Concerning the first assignment of error, defendant claims he was not competent to represent himself. It is well settled that, though an accused has a fundamental right to counsel at a criminal trial, he also has a fundamental right to represent himself. 2 As the United States Supreme Court said in Faretta:
Although a defendant need not himself have the skill and experience of a lawyer in order competently and intelligently to choose self-representаtion, he should be made aware of the dangers and disadvantages of self-representation, so that the record will establish that “he knows what he is doing and his choice is made with eyes open.”
*770 A review of the transcript of the June 14 and June 21 hearings shows that the defendant was fully advised of his right to counsel and of the dangers and disadvantages of proceeding without the аid of an attorney. The District Court was meticulous in its questioning of the defendant and went to great lengths to explain the trial procedure and what would be expected of the defendant at the trial.

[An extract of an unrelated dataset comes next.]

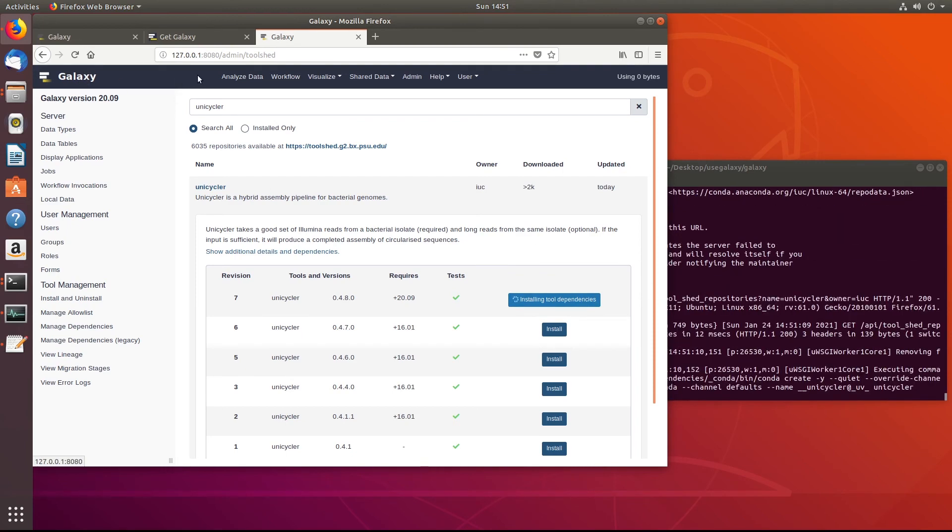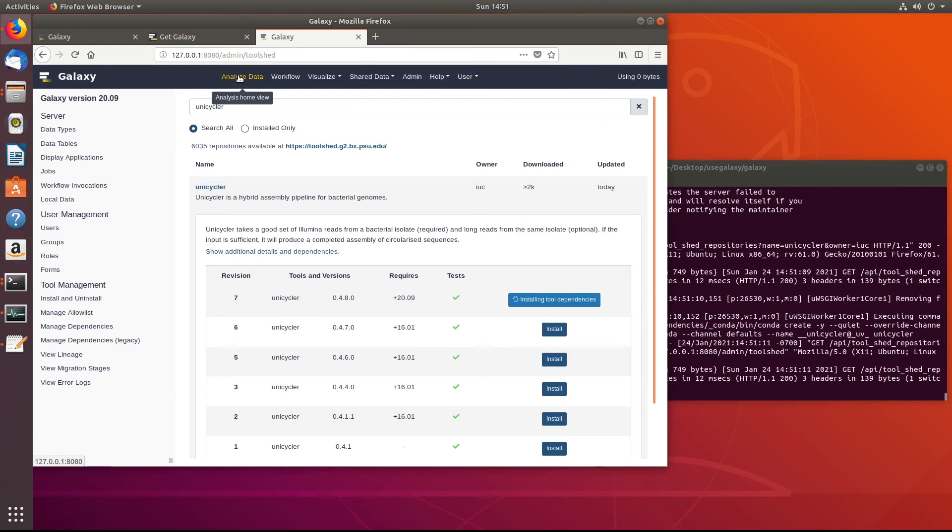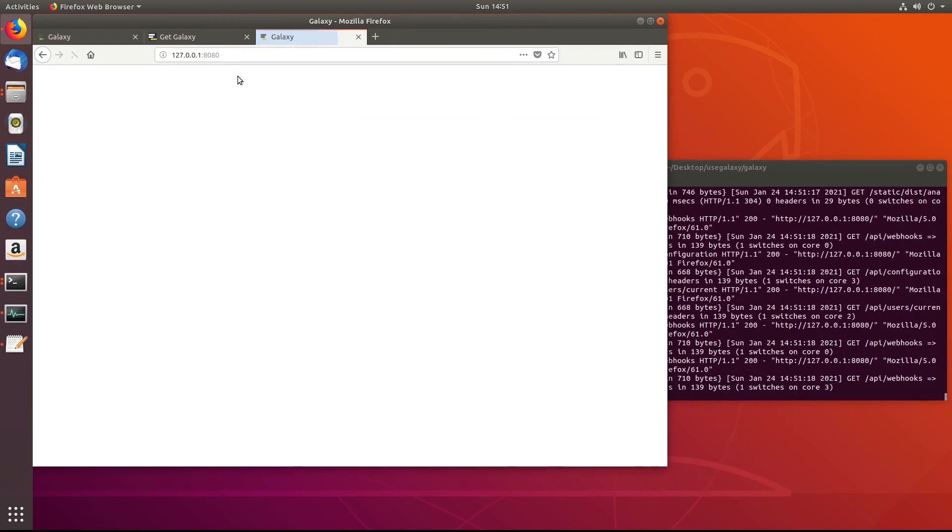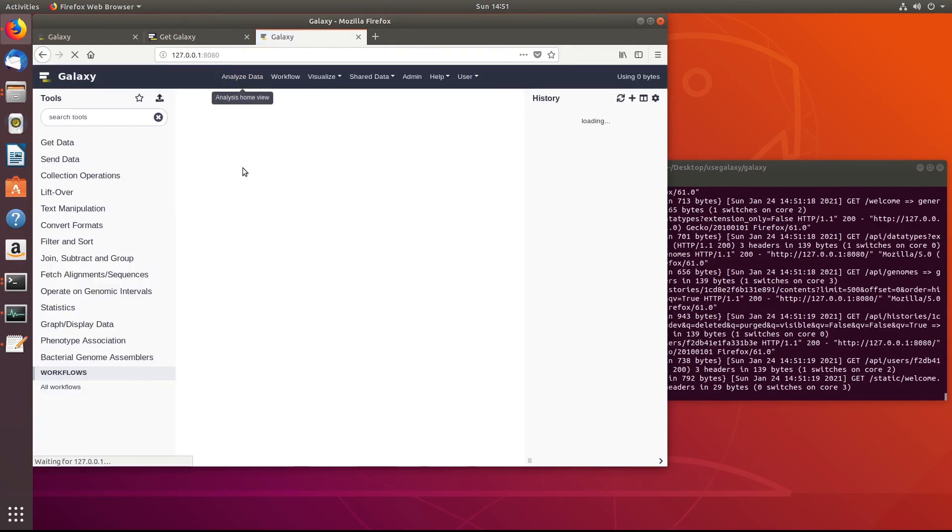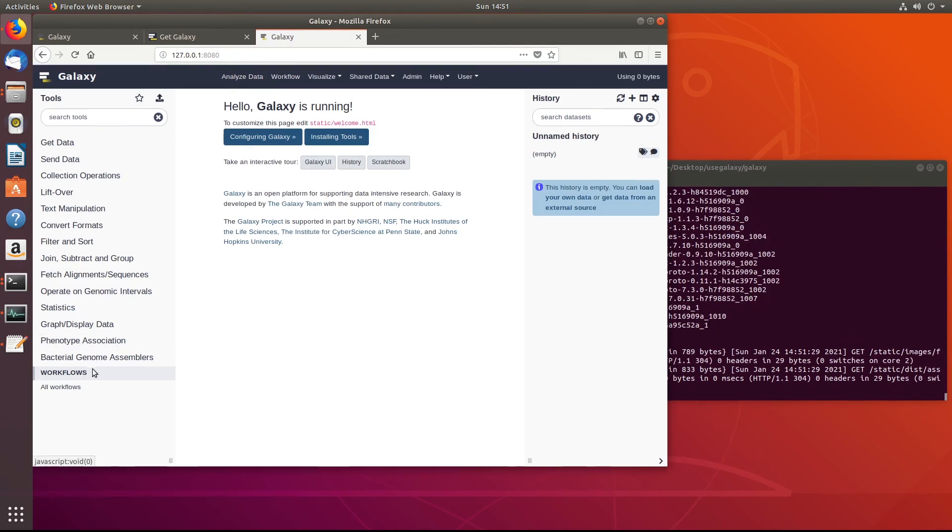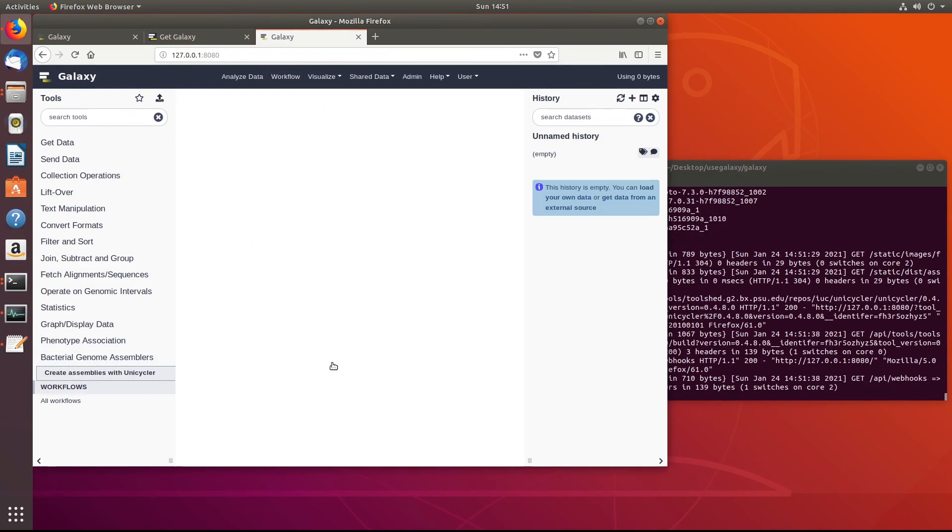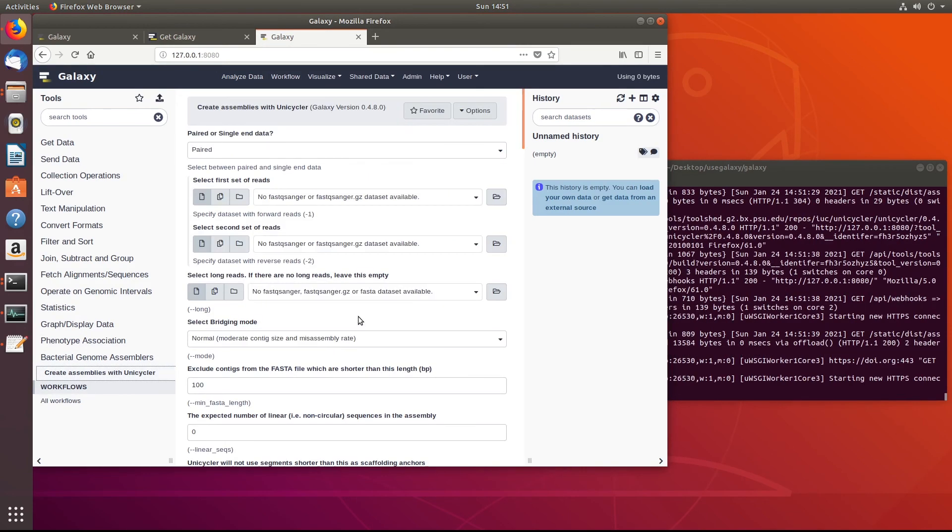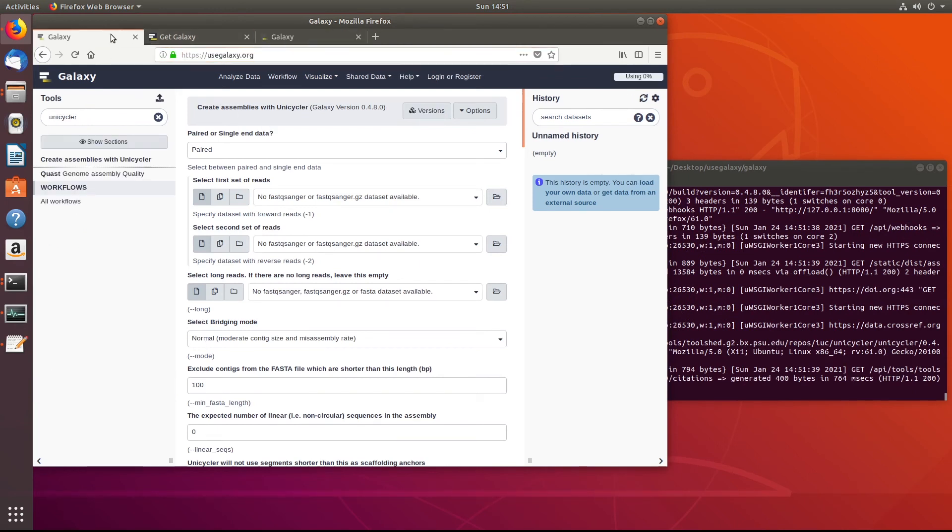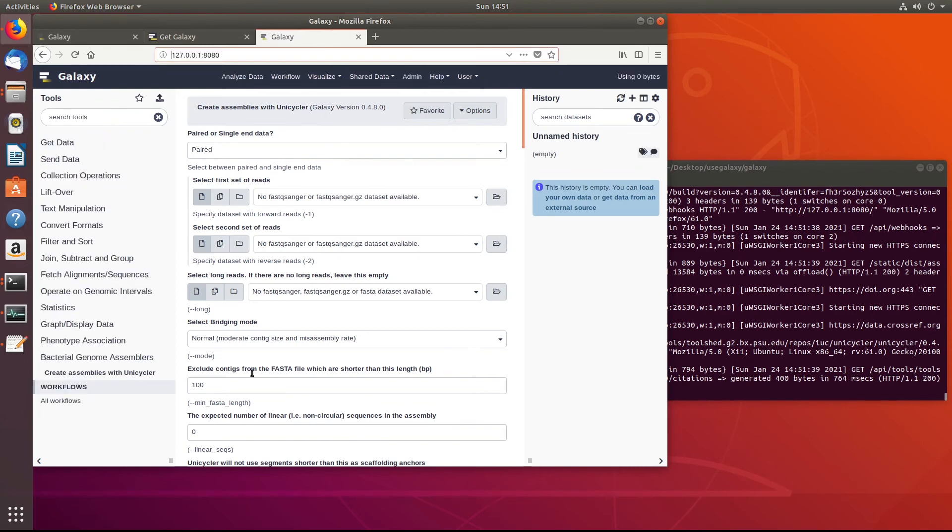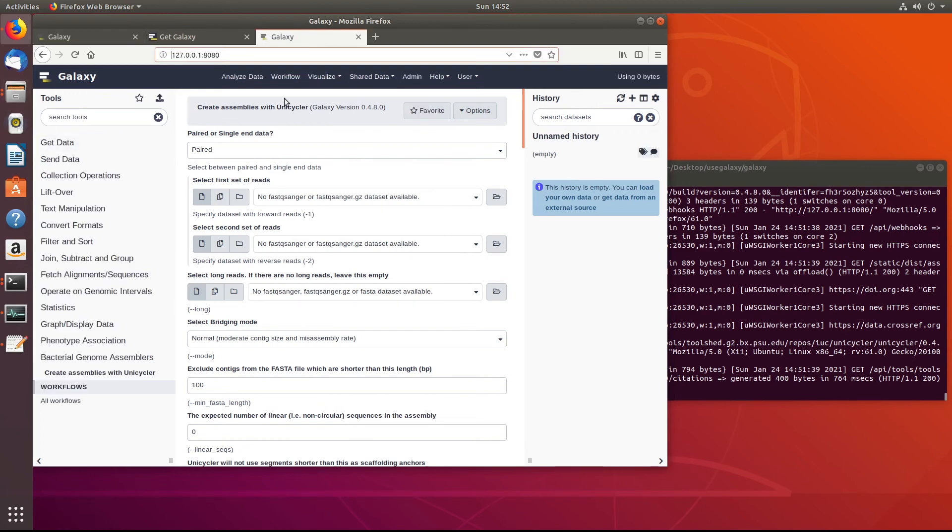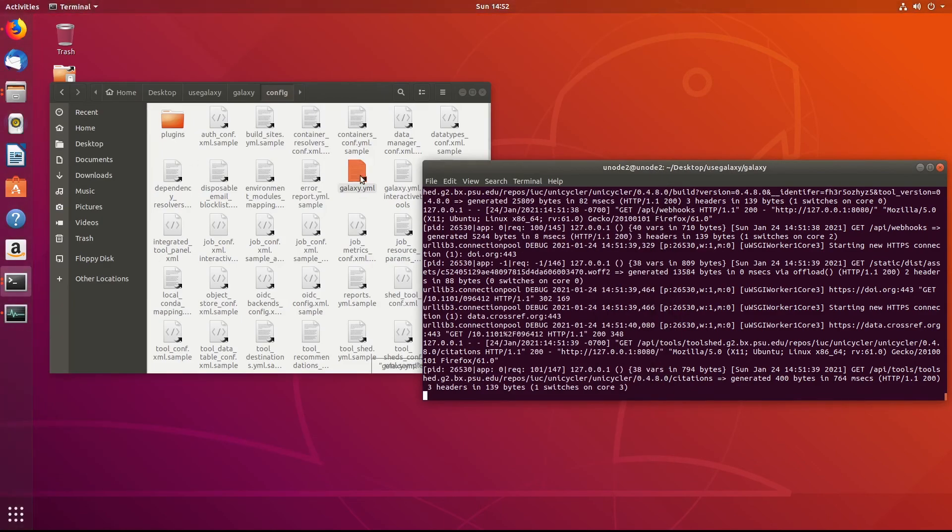And if we go back to the analyze data page, we should see a new folder called assemblers. And we'll head back there. Bacterial genome assemblers. Create assemblies with unicycler. So here now locally, so on our local machine, we have the same thing that is on the useGalaxy website. So now we can run this assembler locally and we don't have to compete for resources with other people who are also wanting to use the Galaxy interface here.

The transcript indeed demonstrates that the dеfendant competently, intelligently and voluntarily waived his right to counsel. 3
Concerning the second major assignment of error, thе essence of defendant’s contention is that the District Court failed to properly instruct the jury on the defense of insanity in that the Court did not recite in its instruction the language of the Utah Law, enacted in 1973, that the defendant “lacked substantial capacity [to] appreciate the wrongfulness of his conduct . . .” 4 (Emphasis added). The District Court gave an extensive instruction on insanity that was apparently based primarily on a combination of the McNaghten Rule and the “irresistible impulse” test. 5
This combination test has consistently been approved by this Court since Green regarding the instructions on thе defense of insanity. In 1963, 6 this court stated:
The instruction . . . embodies both the McNaghten rule and the so-called “irresistible impulse” test. Such an instruction adequately protected the interests of the defendant, and we are not persuaded to adopt in lieu thereof either the Durham rule or the rule proposed by the A.L.I.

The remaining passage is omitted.